## Data for review:
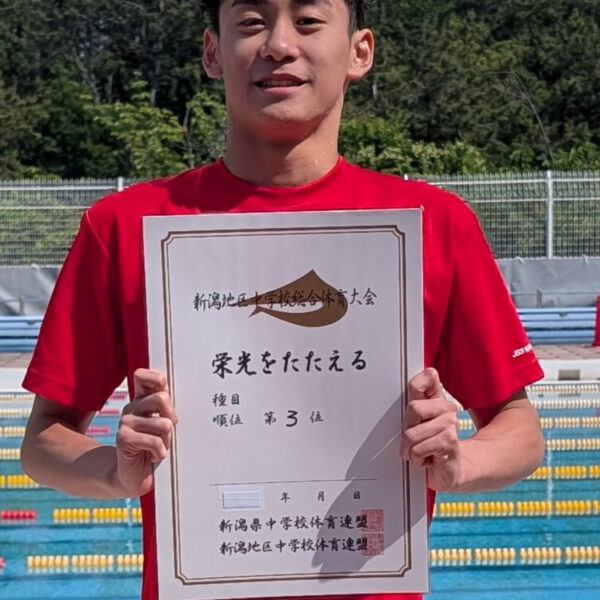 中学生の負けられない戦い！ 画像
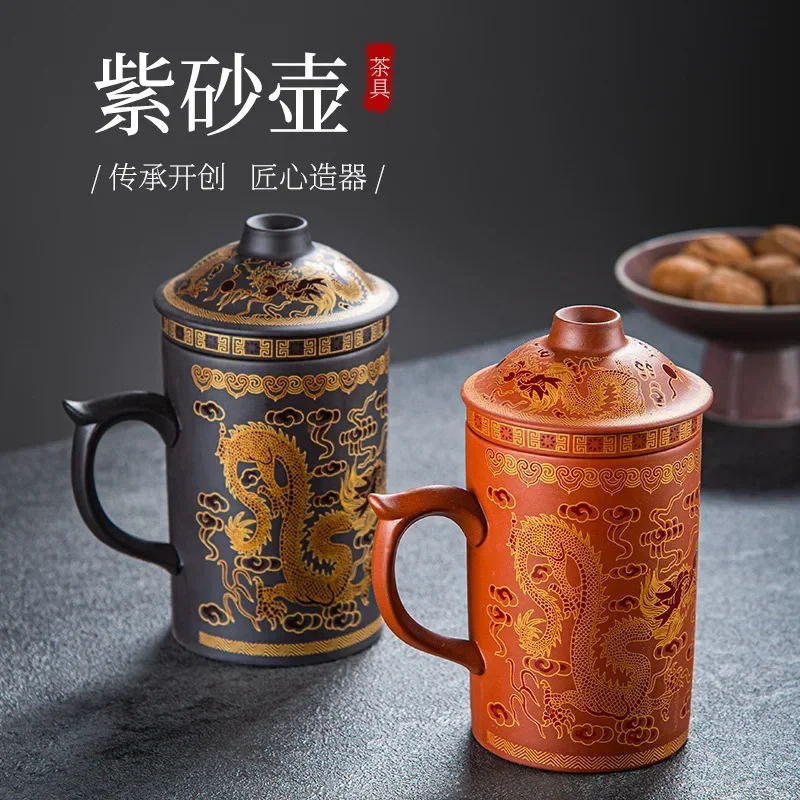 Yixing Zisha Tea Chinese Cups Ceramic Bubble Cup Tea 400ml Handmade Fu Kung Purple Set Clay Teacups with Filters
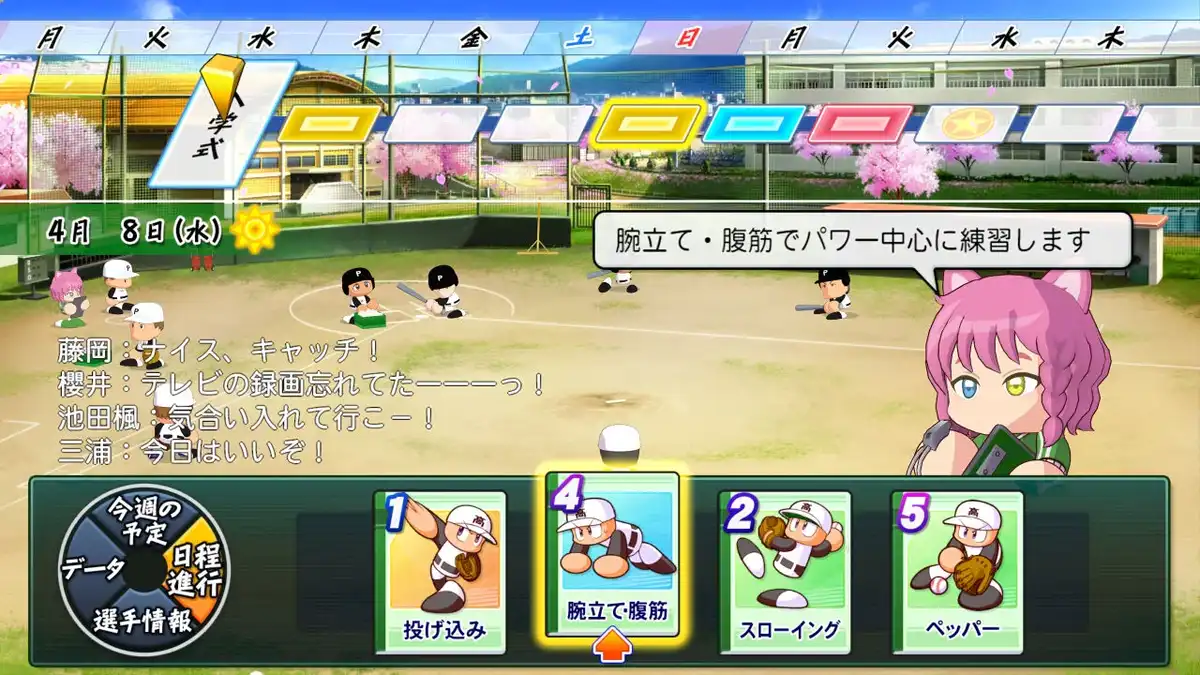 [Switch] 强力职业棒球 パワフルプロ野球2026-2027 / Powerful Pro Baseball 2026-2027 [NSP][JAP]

==

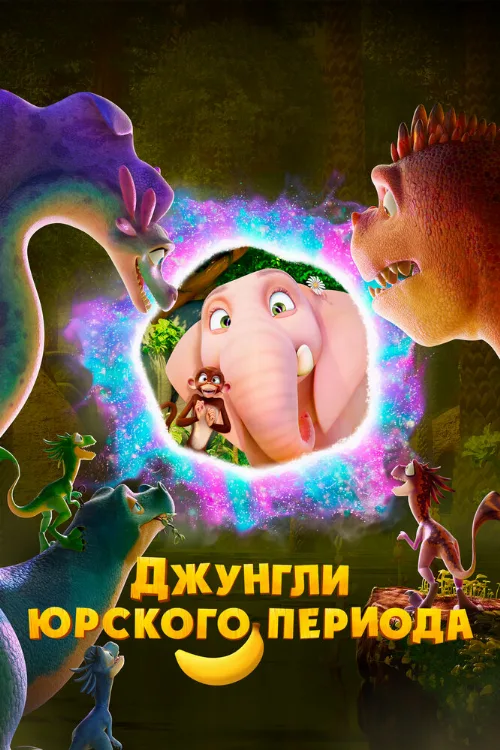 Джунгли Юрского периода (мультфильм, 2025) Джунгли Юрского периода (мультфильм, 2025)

## Work required:
Write out the lines above from the one with "Yixing Zisha Tea" through the one with "[Switch] 强力职业棒球 パワフルプロ野球2026-2027", ends included, exactly; no picture goes in.

## Result for this task:
 Yixing Zisha Tea Chinese Cups Ceramic Bubble Cup Tea 400ml Handmade Fu Kung Purple Set Clay Teacups with Filters
 [Switch] 强力职业棒球 パワフルプロ野球2026-2027 / Powerful Pro Baseball 2026-2027 [NSP][JAP]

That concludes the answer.